◆ WHAT THE TASK ASKS ◆
Would you output the entries below only from the line containing "A Distance image" through the line containing "Glass of yogurt", exactly as they stand and with both ends included?

◆ INFORMATION PROVIDED ◆
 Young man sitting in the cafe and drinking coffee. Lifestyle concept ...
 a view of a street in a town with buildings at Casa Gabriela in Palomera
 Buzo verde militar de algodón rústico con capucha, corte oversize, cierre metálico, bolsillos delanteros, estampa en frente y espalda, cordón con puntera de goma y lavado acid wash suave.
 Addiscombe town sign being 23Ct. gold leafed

...

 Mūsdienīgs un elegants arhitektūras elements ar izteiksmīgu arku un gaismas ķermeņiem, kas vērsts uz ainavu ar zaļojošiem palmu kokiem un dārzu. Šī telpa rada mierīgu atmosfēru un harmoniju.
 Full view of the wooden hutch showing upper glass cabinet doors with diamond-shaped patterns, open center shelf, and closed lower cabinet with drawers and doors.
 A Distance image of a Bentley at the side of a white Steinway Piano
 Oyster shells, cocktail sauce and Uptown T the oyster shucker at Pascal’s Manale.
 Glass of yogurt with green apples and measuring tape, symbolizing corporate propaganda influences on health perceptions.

--

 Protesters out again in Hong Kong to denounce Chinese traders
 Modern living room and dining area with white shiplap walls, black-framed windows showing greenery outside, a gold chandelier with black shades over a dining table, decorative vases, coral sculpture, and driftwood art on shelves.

◆ YOUR RESPONSE ◆
 A Distance image of a Bentley at the side of a white Steinway Piano
 Oyster shells, cocktail sauce and Uptown T the oyster shucker at Pascal’s Manale.
 Glass of yogurt with green apples and measuring tape, symbolizing corporate propaganda influences on health perceptions.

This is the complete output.